Generation vexed

 

From The Guardian (February 19, 2000)

by James Hopkin

Douglas Coupland espouses the lives of the young and disenfranchised, the crazier the better. His kooky characters struggle to abandon the traditional structures of family, religion and convention, while giving the finger to north America's spiritless consumerism; they may not always triumph, but they usually sample enough gritty freedoms to give them (and the reader) more than a glimpse of an alternative way of being.

Coupland's latest, Miss Wyoming, approaches the same paradigm from a different angle. What happens when you tire of reinventing yourself? Where do you go? And, perhaps more importantly, who do you take with you?

Susan Colgate is an American beauty. She's been a beauty queen since the age of four, a child TV star, a rock 'n' roll bride and, finally, a disenchanted ex-celeb. When her plane crashes and everyone thinks she's dead, she decides to ditch her 'variety pack' of identities and go in search of a more lasting self.

Before long she's raiding the bins at McDonald's and getting scooped up by a garbage truck. 'In her new life she'd have to start at the bottom.' Coupland splices Colgate's freakish odyssey with episodes from her previous incarnations; in the process he savages America's dependence on success.

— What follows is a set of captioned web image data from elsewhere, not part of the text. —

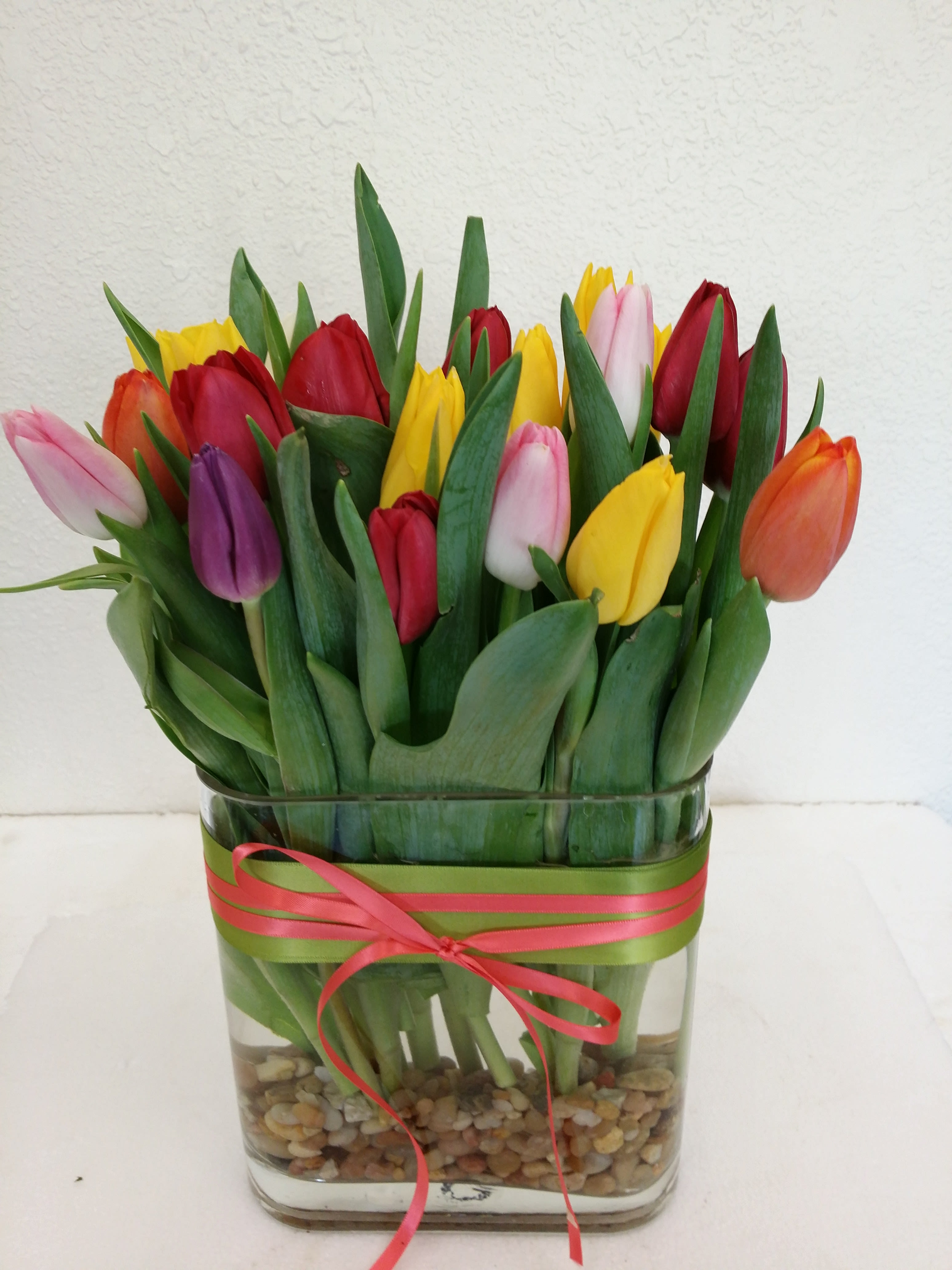 Mixed tulips in a glass vase with a pink ribbon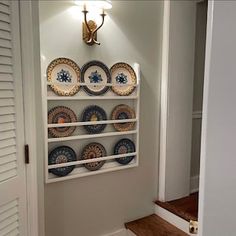 plates are displayed on the wall in this entry way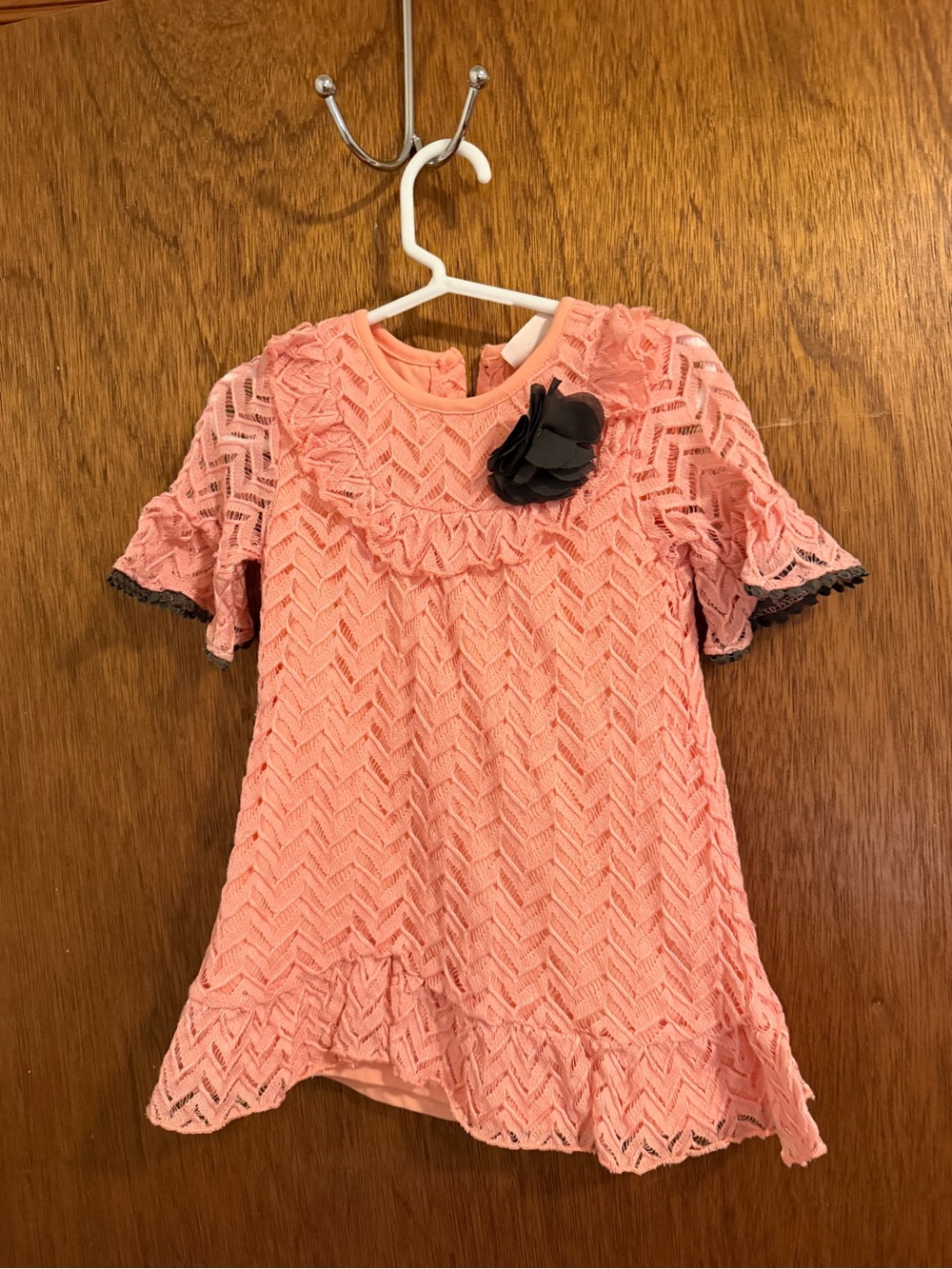 Little Lass Peach Lace Dress with Black Flower Accent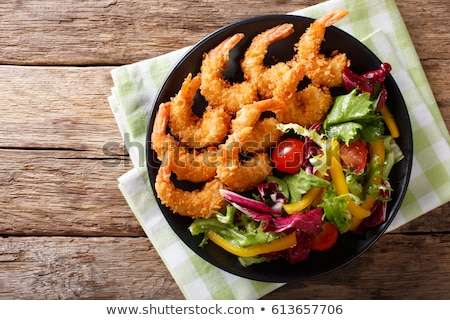 Foto stock: Seafood Salad With Vegetables And Shrimps On The Wooden Table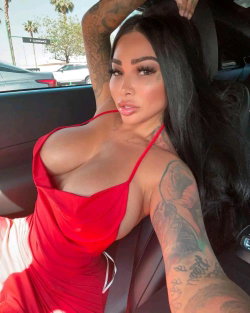 A woman with long dark hair and full tattoos on her arms poses in a red dress inside a car, looking at the camera.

The other narrative strand follows the bizarre quest undertaken by 37-year-old John Johnson. This affluent 'semi-sleazebag movie producer' is fed up with his life of hookers, drink and drugs: he also becomes a highway-walking hobo, assuming each new identity as quickly as a change in clothes. And he too has come through a near- death experience, flatlining for a few moments with a vision of Susan Colgate (another recurring motif from Coupland's brand of bourbon-fuelled romanticism).

Coupland manipulates the two narratives with devilish mastery: their stories mirror each other, almost touch, then move away. The structure can confuse: it is like watching a TV series in which the episodes have been shuffled. The author's point is that we're living in an age in which time seems to pass more quickly; his twisted chronology is a way of slowing things down, sustaining the narrative's awkward energies and deferring the inevitable outcome.

As Johnson notes, you reach a moment in life when thereafter 'it's reruns'. For Coupland, soothsayer of the anxious generation, the only way to break the loop is with love, and that's exactly what his characters are holding out for. There is more than enough fret and fizz here to keep you simmering, and even if Coupland can't resist the gawky, lyrical ending, for this he can easily be forgiven.